## EXERCISE PROMPT
Look for the line containing "34 Stanley Avenue, Kitchener, ON" and the line containing "Daisy281 — Nude show + squirt" in the entries below. Copy those two and all lines between them exactly, leaving out pictures.

## DATA TO PROCESS
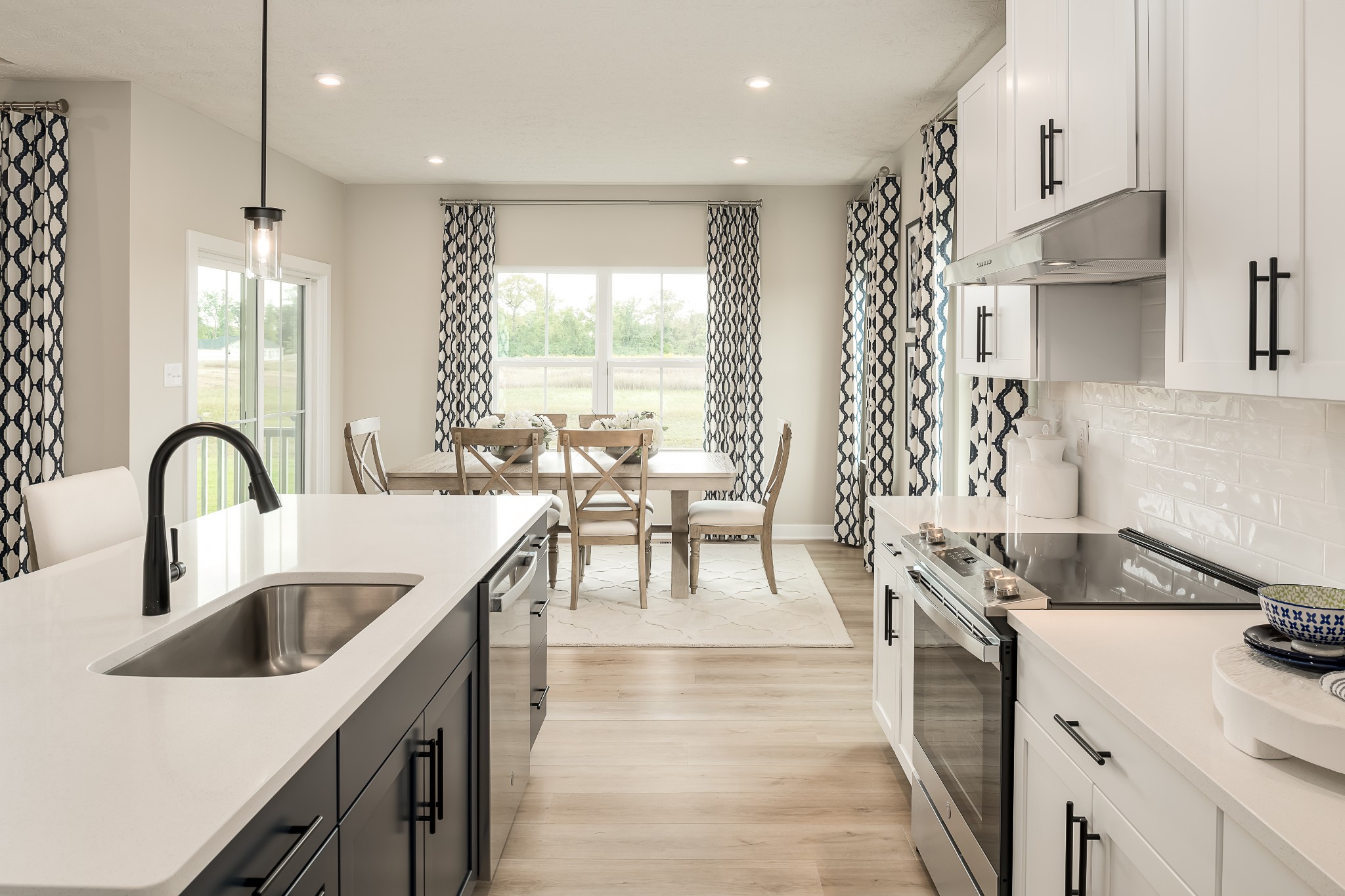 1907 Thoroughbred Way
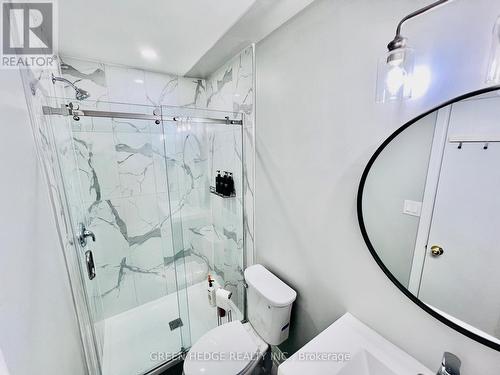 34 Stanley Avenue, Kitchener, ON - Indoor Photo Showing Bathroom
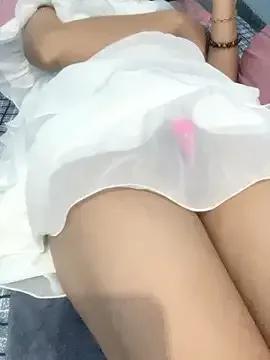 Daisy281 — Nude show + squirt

...

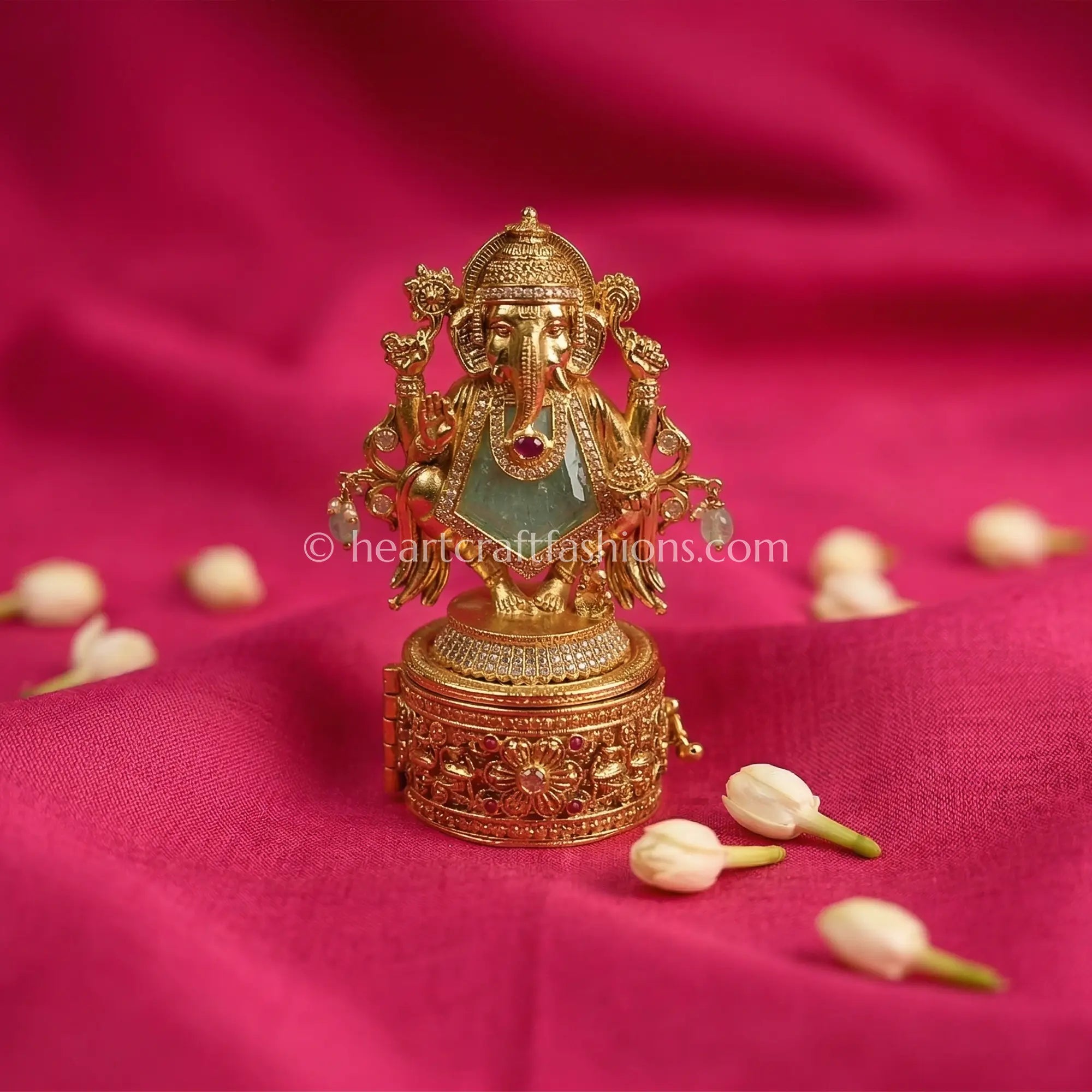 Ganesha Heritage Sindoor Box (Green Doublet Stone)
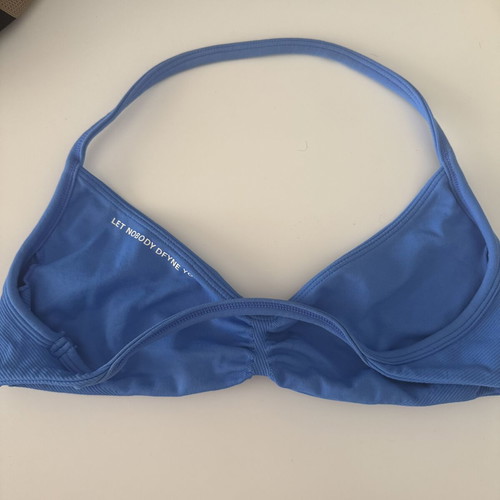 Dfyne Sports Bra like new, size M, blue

## EXERCISE RESULT
 34 Stanley Avenue, Kitchener, ON - Indoor Photo Showing Bathroom
 Daisy281 — Nude show + squirt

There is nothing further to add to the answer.